It's a way of of articulating our own uncertainty about this mapping so that we can do experiments effectively. So what we do is we do some set of initial outpourings and we get some for each. Each time we try it, we have some assignment of values to those variables, right? We try it with different sized caps and different relative positions and different games of the controller and so on. And for each one of those we get a score. Okay, so the way it goes in process works.

You think along the x axis here I can only do one dimension that's really in a lot of dimensions, but I can only do one. Those are the the the parameters were very. And we're interested in knowing when is this g function bigger than zero? That's what we would really like to know. So whenever we do an experiment, so that's one of these little blue x's, we get an observation of that function and we can, using some Bayesian reasoning, compute a function that is sort of the mean and posterior mean.

We have a distribution over the actual function. And every time we get an observation, we can compute a distribution on the function. So the dark red line is the mean of that distribution over functions. And the pink area is unlike standard deviation, couple of standard deviations in the other dimension. Now lots of people will use Gaussian processes to do a lot of different things. Often people think about it. They're interested in finding the optimum of the function.

We're interested in something else. We're interested in. The level set we're interested in knowing what ranges of theta is is g above zero for what ways I can do pouring like I don't want to learn pouring in just one way. I'll explain why in a minute. But for what arrangements of pouring is it going to work out and for what arrangements will it not?

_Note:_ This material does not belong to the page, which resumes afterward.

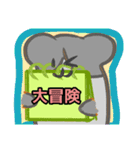 【フリップ芸編1】ハムスターさん（個別スタンプ：7）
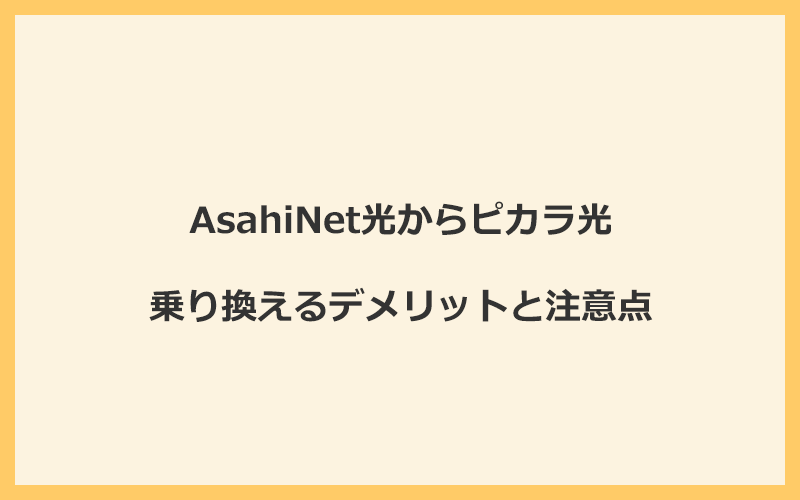 AsahiNet光からピカラ光に乗り換えるデメリットと注意点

So this block area there that I've drawn in, that particular figure is right now the region of theta space where I believe with high probability pouring will work. Can you be sure that that makes sense here? Right. So for right now, there's just this little region where I'm convinced it's going to work well with high probability greater than 0.95 or something. So but now what I would like to do is some active experimentation to try to understand the boundaries of that level set.

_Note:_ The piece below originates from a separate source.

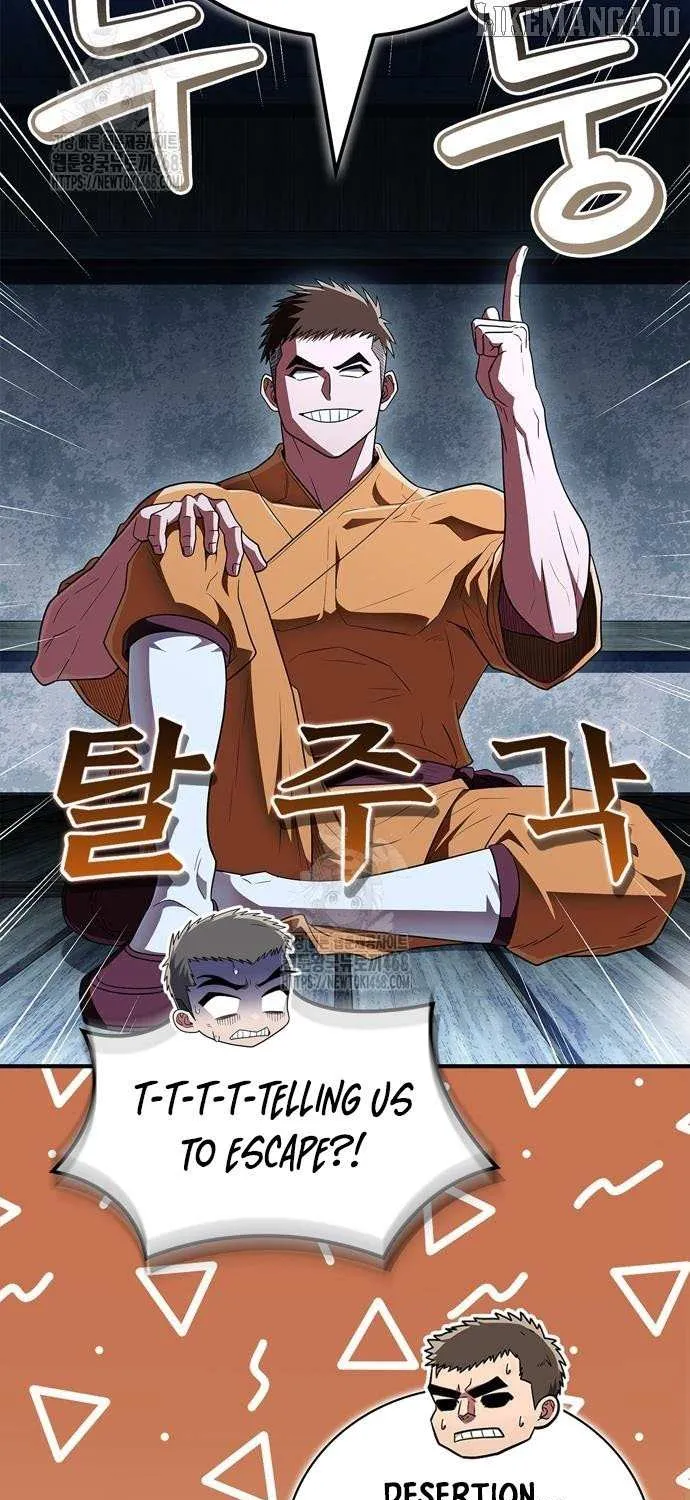 Genius Martial Arts Trainer Chapter 78 page 56 -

I would like to know well what other configurations will give me good pouring and which ones won't. And so we use an algorithm called the straddle algorithm, which is pretty interesting. I'm not going to go over it in detail, but it has this notion of an acquisition function. So for different theta is it tells us which values of theta will give us the most information, not about the maximum, but about the boundaries of the level set. I want to know the boundaries of successful pouring.

So this particular acquisition function likes to try experiments in places where the mean is near zero, right? Because that's we're probably near a boundary of good versus bad and where the standard deviation is higher and it combines this in a suitable way. And what that means is that we can take a small number of samples and update our belief about this function. Okay. So what we find is that this kind of active learning is is data efficient.

So if we try experiments at random, it takes really a lot of experiments before we get a good idea of the of that super level set. If we try this other approach, I have to tell you just a tiny story, because the first paper we did about this was, again, just me and Thomas, and we did it using some kind of feedforward neural network because we thought it would sound cool and it kind of worked, but not very well. And but mostly what it did is it enraged our students. So they did a better job.

So students did a better job. The Gaussian processes, this red thing, it's awesome. So with not too many trials. No, this iteration here is how many experiments we had to do. It's not at times ten to the third, it's just like ten or 20 or 30. So we learned something from experimentation. There's another piece of the story which I'm actually going to skip and I'm going to show you.

So first in simulation and then in the real robot, what again we do is we take something that has the ability already. It already understands picking up objects and putting them down. It learns pre images for pouring in this case and stirring. We asked it to make a cup of coffee. To make a cup of coffee. There has to be cream in there. There has to be sugar. There has to be coffee. It has to be mixed. It has to be on the green thing and it has to be served at the end of the table.

That's the thing. We do not tell her what steps to do or in what order. So it's using a general purpose planner to do that. And it uses these learn it uses these learned to print images. To to kind of get new descriptions of these operations of stirring and pouring and scooping, and it puts them together to make these plans. We have to watch it stirring because it's fun. There we go. I like this nice little simulator. More fun. Is this okay? So here's our robot doing basically the same thing.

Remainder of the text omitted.